▶ PROMPT:
The listing below should be printed exactly, though its pictures must not be.

▶ STORED DATA:
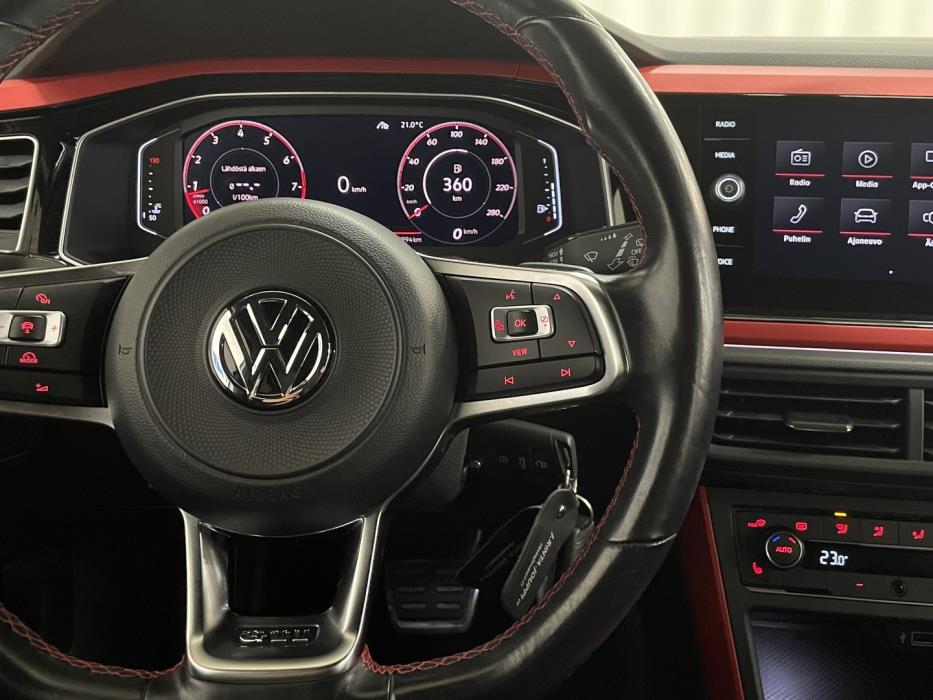 VOLKSWAGEN Polo 2018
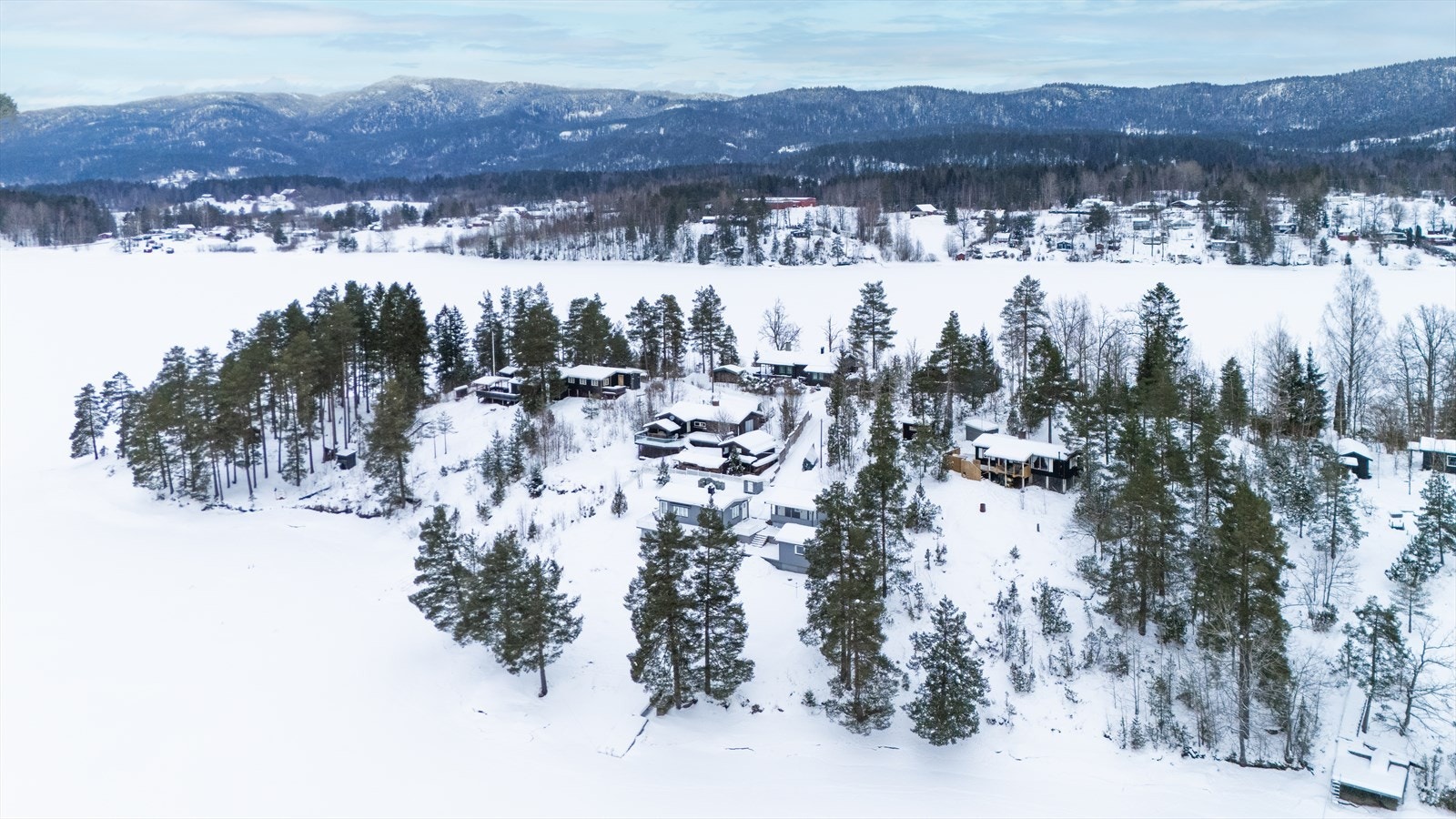 Eiendommen har en flott beliggenhet ved Bergsvannet og ligger i et etablert område for fritidsboliger. Galleribilde
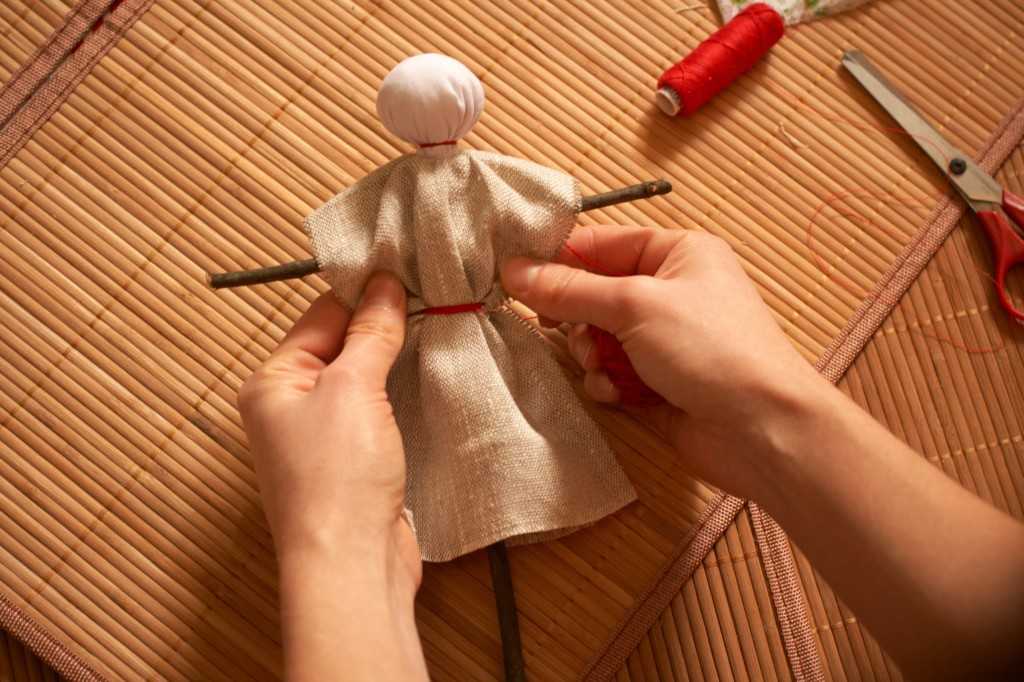 Домик из картона для кукол своими руками: пошагово, как сделать для барби, шаблоны, фото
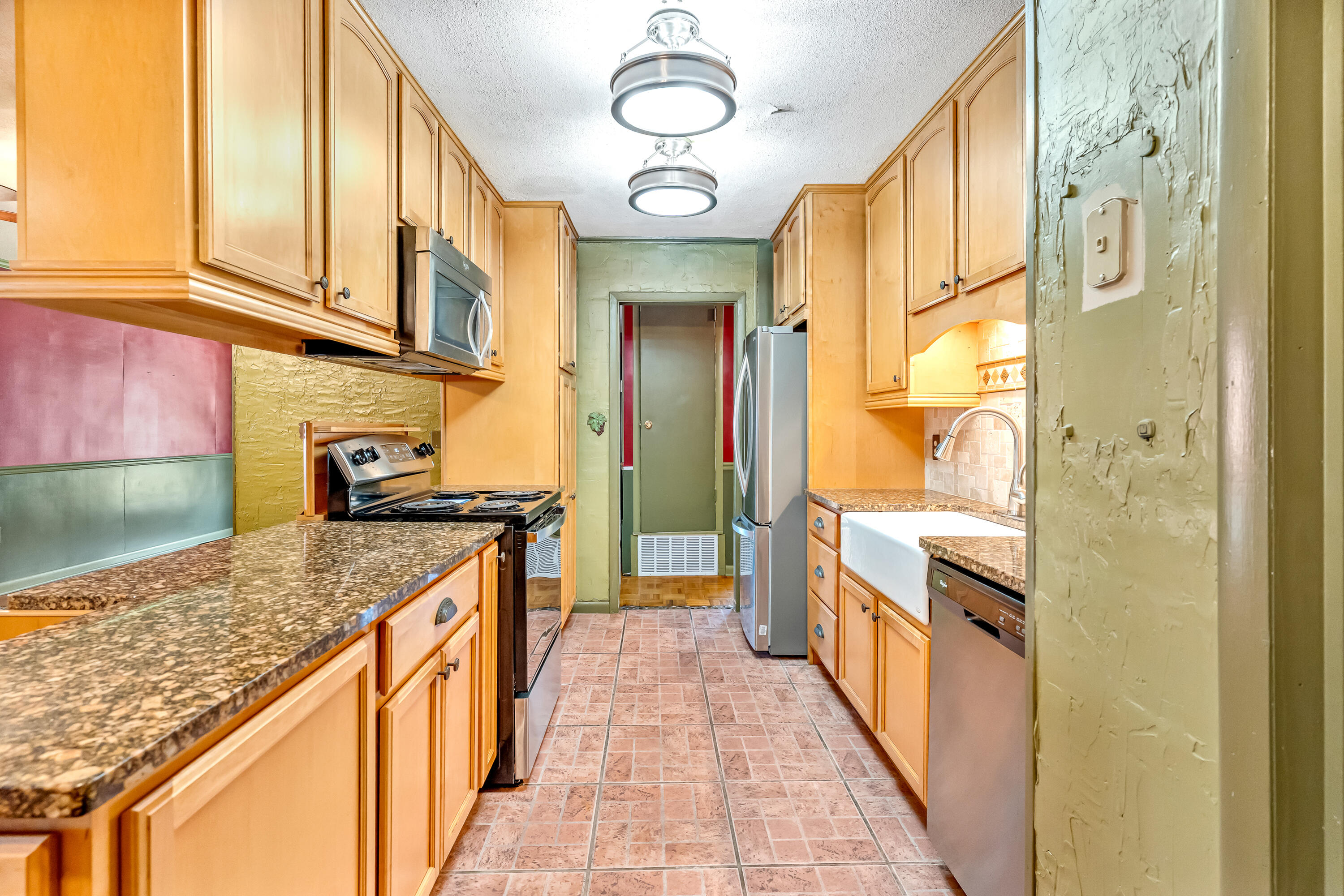 VESTA HEIGHTS 5TH ADDN - Residential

▶ WRITTEN ANSWER:
 VOLKSWAGEN Polo 2018
 Eiendommen har en flott beliggenhet ved Bergsvannet og ligger i et etablert område for fritidsboliger. Galleribilde
 Домик из картона для кукол своими руками: пошагово, как сделать для барби, шаблоны, фото
 VESTA HEIGHTS 5TH ADDN - Residential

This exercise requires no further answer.